With the 2022 new league year, the questions will be plenty for quite a while, even as the Pittsburgh Steelers spend cash and cap space and use draft picks in an effort to find answers. We don’t know who the quarterback is going to be yet—even if we have a good idea. How will the offensive line be formulated? How will the secondary develop amid changes, including to the coaching staff? What does Teryl Austin bring to the table—and Brian Flores? What will Matt Canada’s offense look like absent Ben Roethlisberger?

These sorts of uncertainties are what I will look to address in our Buy or Sell series.
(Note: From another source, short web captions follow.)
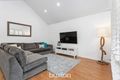 Property photo of 1/458 Bluff Road Hampton VIC 3188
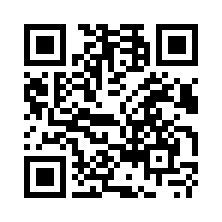 QR Code for 1ADqL2SsiPWUbbaEBBGfb2nmmj13F5qnj1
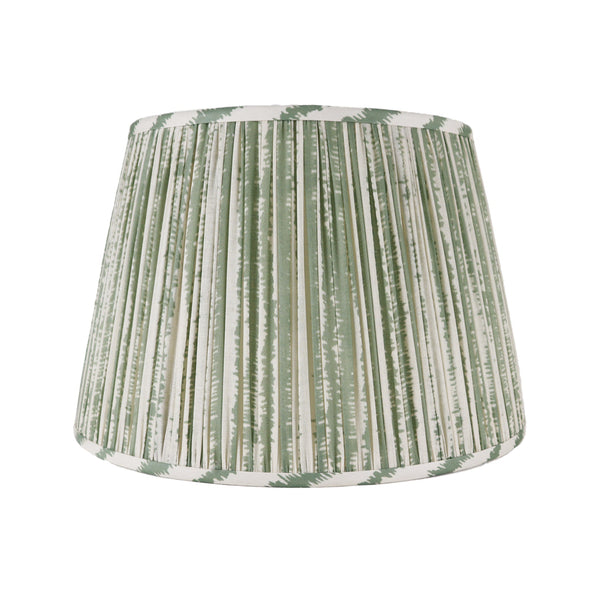 Bark Shade Green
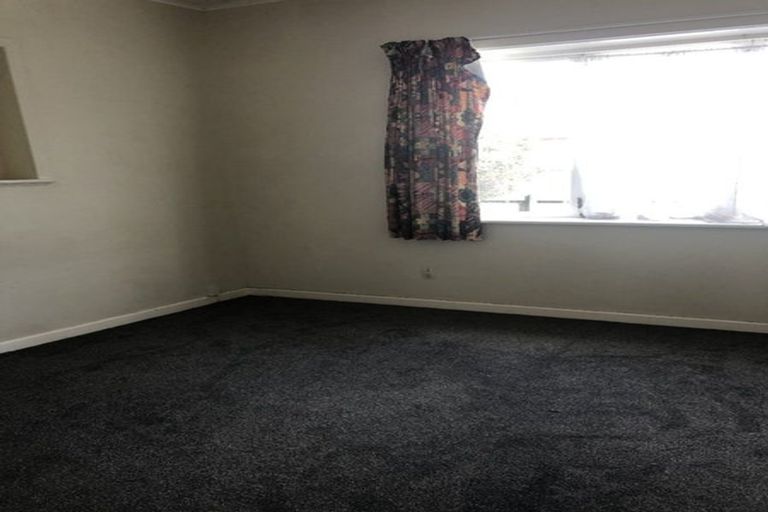 Photo of property in 32 Haig Street, Waterloo, Lower Hutt, 5011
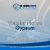 Vendor Plafon Gypsum Terpercaya di Indonesia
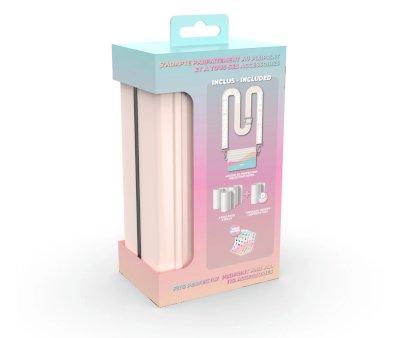 Housse de Protection Travel Kit pour PixiPrint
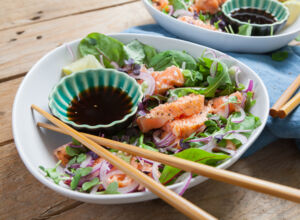 Low Carb Rezepte  Low-Carb-Rezepte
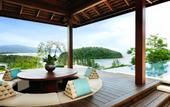 Туры в отель Anantara Layan Phuket Resort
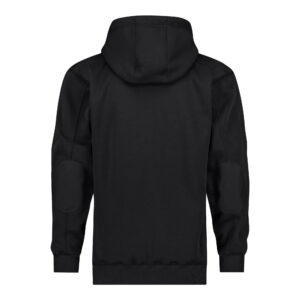 DASSY® Indy Next - Afbeelding 3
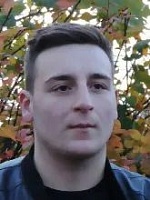 Алексеев Эдуард Михайлович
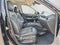 2019 Mazda Mazda CX-5 Touring AWD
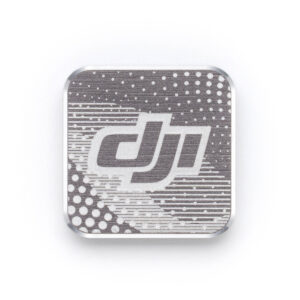 DJI Osmo Pocket 3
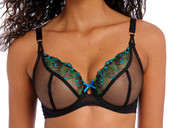 Show Off - Plunge BH Show Off - Plunge BH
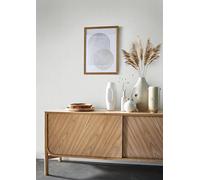 marburg Papel Pintado Blanco Efecto Gotelé Pintable Estilo Clásico para Dormitorio o Salón 10,05 x 0,53 m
In each installment, I will introduce a topic statement and weigh some of the arguments for either buying it (meaning that you agree with it or expect it to be true) or selling it (meaning you disagree with it or expect it to be false).

Topic Statement: The Steelers will not extend Diontae Johnson, but give him the franchise tag or transition tag next year.

Explanation: Similar to Bud Dupree, Diontae Johnson is looking like a player who is pricing himself out of the Steelers’ projected price bracket for his services, but that doesn’t mean they can’t hold on to him for one more season by using a more affordable franchise tag or transition tag.


It’s a foregone conclusion that the Steelers are not going to work out a long-term extension with Diontae Johnson at this point this offseason. With the prices of wide receivers skyrocketing and Terry McLaurin’s deal the latest proof of that—and the most correlative to what Johnson might be expecting—there’s just no way such a deal is coming from the Steelers in July and August.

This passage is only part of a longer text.